TASK STATEMENT: In the listing below, the lines starting at the line with "Dieser Ort ist" and ending at the line with "FleuriSkin Ultimate Glow" are to be output verbatim. Images stay out of the copy.

───── SOURCE DATA ─────

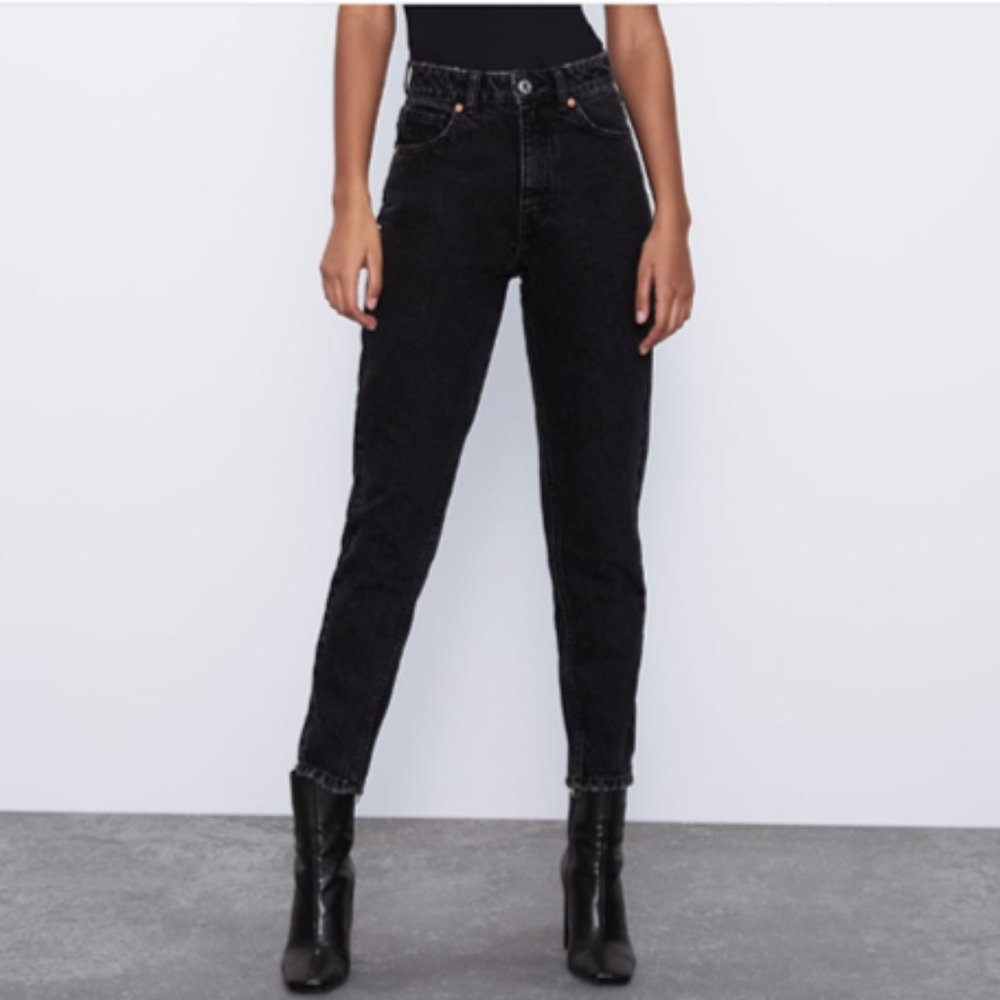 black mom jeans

─────
───── SOURCE DATA ─────

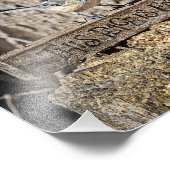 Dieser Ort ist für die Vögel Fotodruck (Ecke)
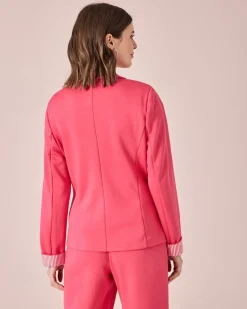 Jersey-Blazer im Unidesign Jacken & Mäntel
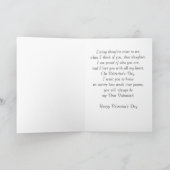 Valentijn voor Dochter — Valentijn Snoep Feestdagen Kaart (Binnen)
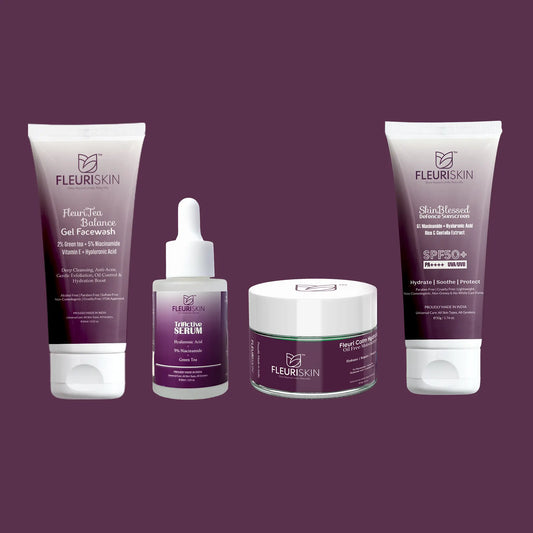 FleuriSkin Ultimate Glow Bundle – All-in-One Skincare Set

─────

TASK RESULT:
 Dieser Ort ist für die Vögel Fotodruck (Ecke)
 Jersey-Blazer im Unidesign Jacken & Mäntel
 Valentijn voor Dochter — Valentijn Snoep Feestdagen Kaart (Binnen)
 FleuriSkin Ultimate Glow Bundle – All-in-One Skincare Set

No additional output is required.